La vía para la reforma de nuestra Constitución no parece que esté expedita. Tampoco se adivina fácil ni rápida. Los trámites en la subcomisión parlamentaria languidecen ante el poco interés que demuestran algunos partidos. Por lo pronto, los padres de la Carta Magna no han insuflado demasiado entusiasmo en sus comparecencias en el Congreso. Tampoco se demanda como una prioridad por el pueblo español. La propuesta de reforma vino motivada por la necesidad de ofrecer una alternativa al secesionismo catalán. Pero a los soberanistas ese pastel no les tienta.

Las modificaciones esenciales de nuestra ley fundamental requieren ciertas mayorías. Y no parece que exista consenso ni voluntades confluyentes entre los partidos constitucionalistas para decidir por dónde deben ir los cambios. Tampoco a los populistas les seduce una renovación constitucional. Además, la idea de una España plurinacional no ha tenido mucha aceptaciónciudadana. Ni se ve con buenos ojos, por las desigualdades que se generarían, un Estado federal asimétrico. Cuando vamos a una convergencia con Europa para convertirnos en un espacio más unido y solidario, resulta incomprensible que pretendamos seguir troceando competencias y levantando tabiques territoriales.

Es lícito aspirar a convertirnos en un Estado plurinacional, pero dejando claro que la soberanía reside en el conjunto del pueblo español. La nación siempre debe estar subordinada al poder soberano del Estado.
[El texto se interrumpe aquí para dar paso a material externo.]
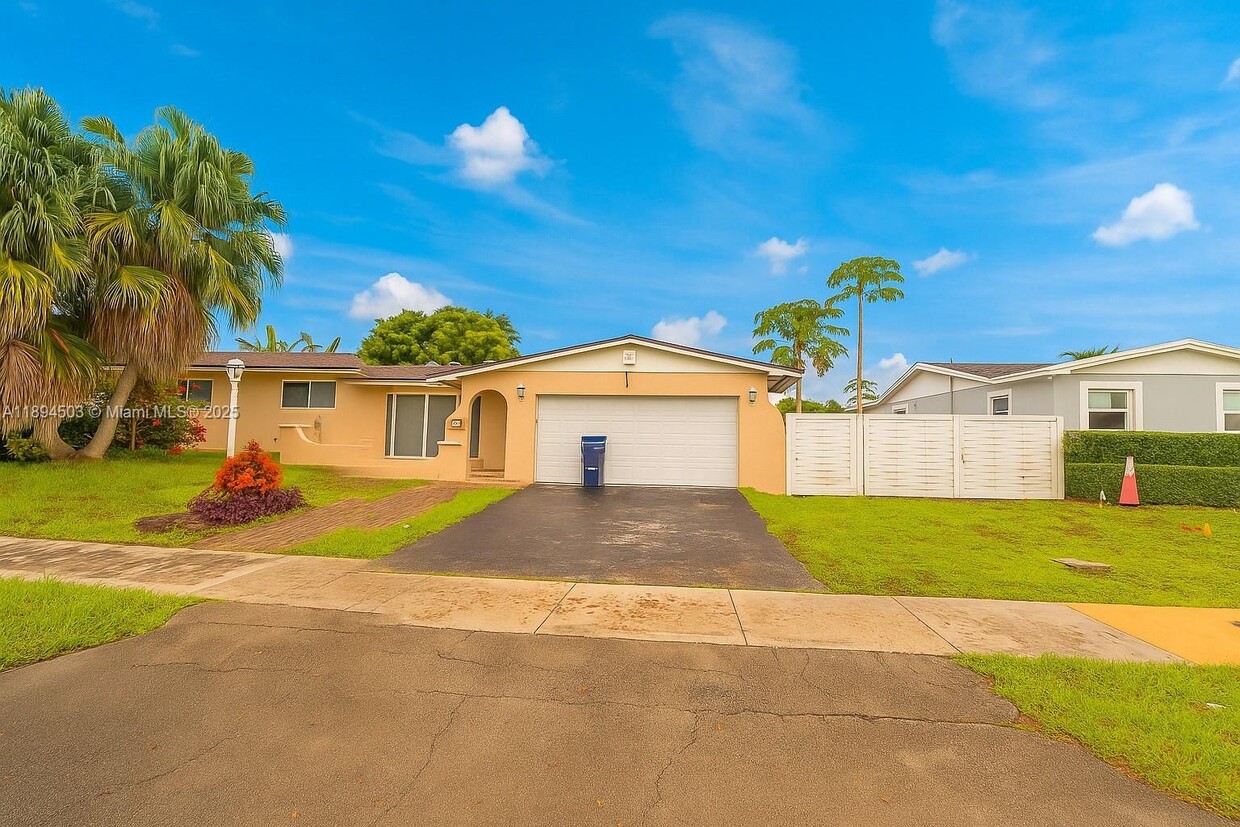 Foto principal - 14420 SW 74th St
Y si ya tenemos un problema de secesión sin haber permitido el alumbramiento de naciones, es fácil adivinar lo que ocurriría si posibilitásemos que todas o algunas de nuestras comunidades autónomas se definieran como nación.

La reforma debe basarse en la voluntad mayoritaria de los españoles de cambiar el modelo político para dotarse de un nuevo estatus de convivencia. En tanto no exista esa demanda mayoritaria no es aconsejable proceder al cambio.